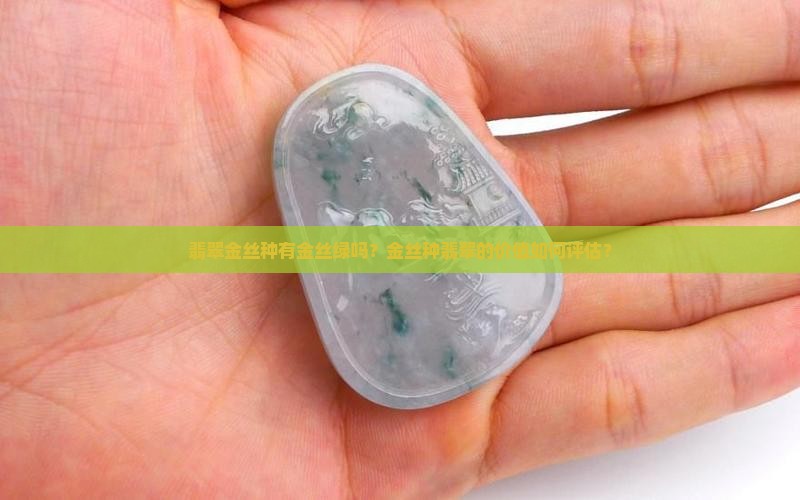 翡翠金丝种有金丝绿吗？金丝种翡翠的价值如何评估？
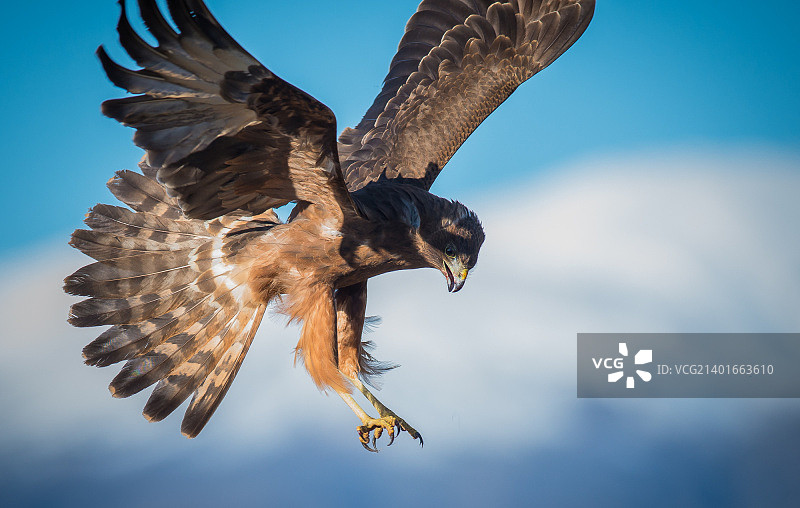 鹰的攻击图片素材
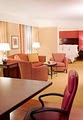 Washington Dulles Marriott Suites image 10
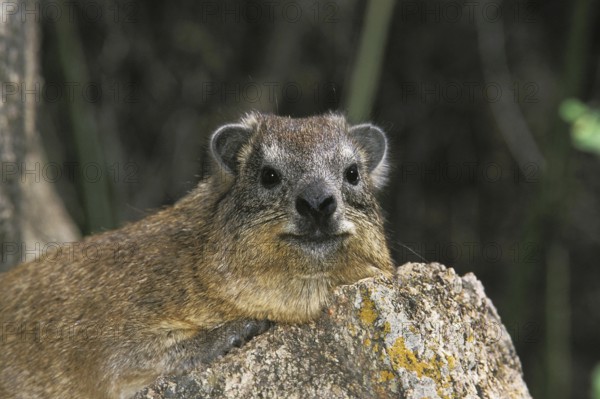 Rock Hyrax (procavia capensis) or Cape Hyrax, Adult standing on Rock, Hell's Gate Park in Kenya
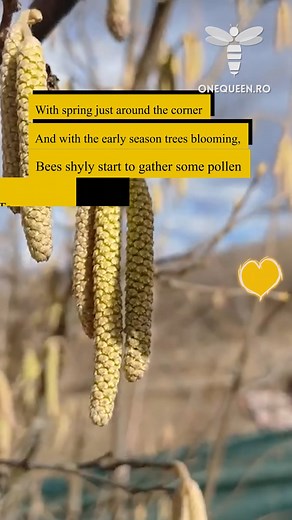 2K views · 15 reactions | With spring just around the corner and with the early season trees blooming, bees shyly start to gather some pollen to raise their first bee generation For full videos, check these channels: @neculaibadica - YouTube @florindobre4162 - YouTube @AlbinutadinVest - YouTube | OneQueen.ro | Facebook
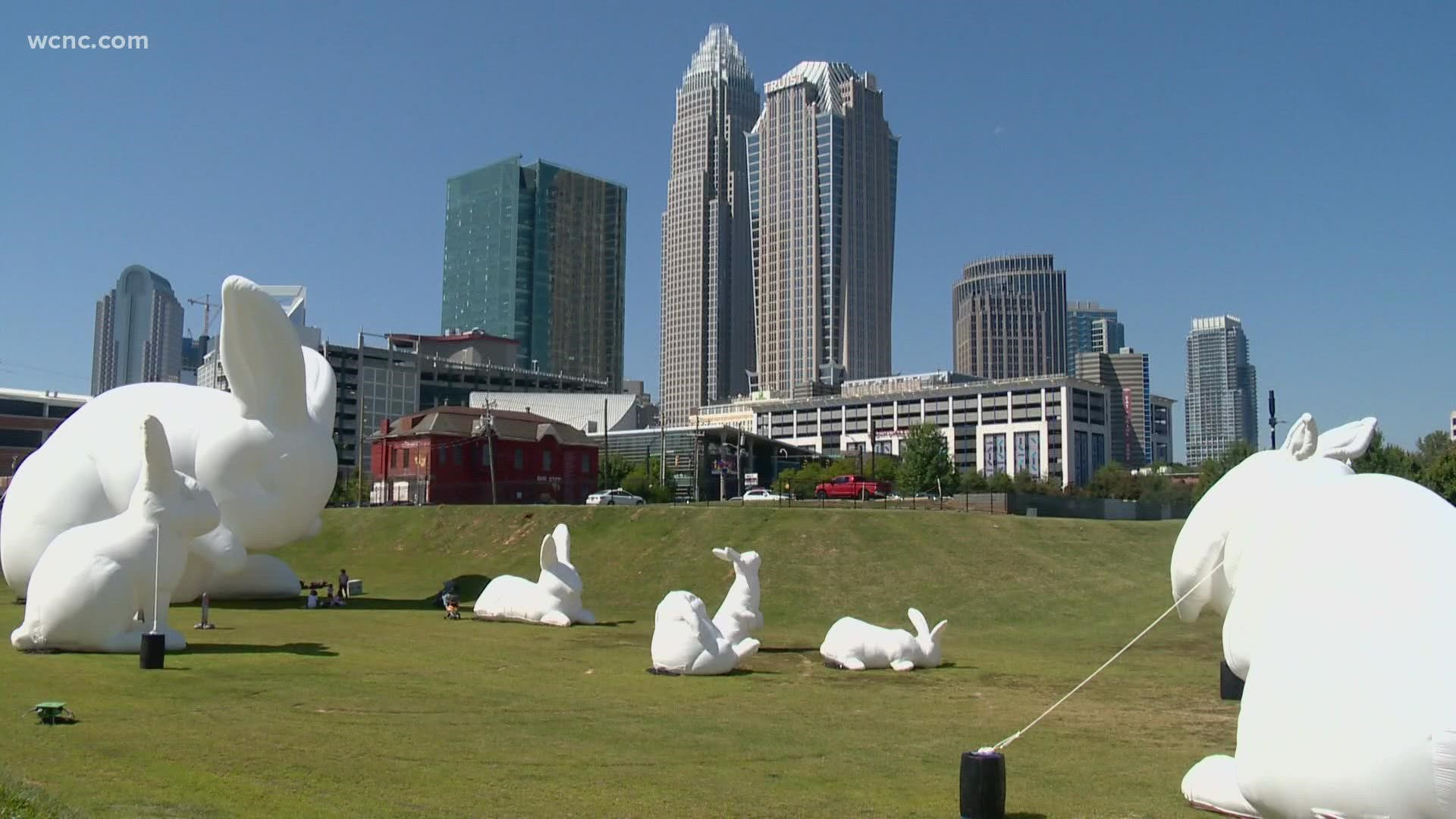 Where to find the INTRUDE bunnies in Charlotte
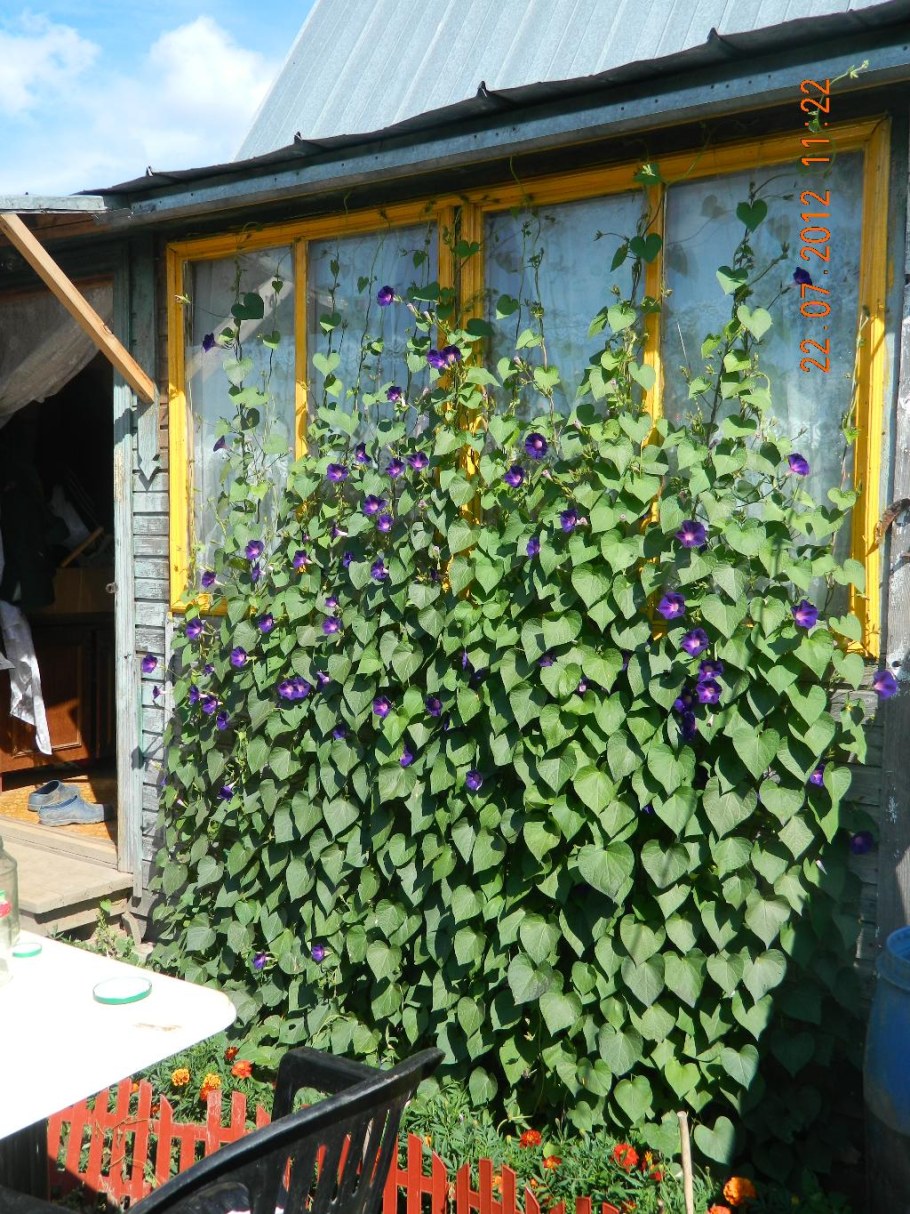 Ипомея вьющаяся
---
Please repeat the entries above exactly, leaving out any pictures.

Task answer:
 翡翠金丝种有金丝绿吗？金丝种翡翠的价值如何评估？
 鹰的攻击图片素材
 Washington Dulles Marriott Suites image 10
 Rock Hyrax (procavia capensis) or Cape Hyrax, Adult standing on Rock, Hell's Gate Park in Kenya
 2K views · 15 reactions | With spring just around the corner and with the early season trees blooming, bees shyly start to gather some pollen to raise their first bee generation For full videos, check these channels: @neculaibadica - YouTube @florindobre4162 - YouTube @AlbinutadinVest - YouTube | OneQueen.ro | Facebook
 Where to find the INTRUDE bunnies in Charlotte
 Ипомея вьющаяся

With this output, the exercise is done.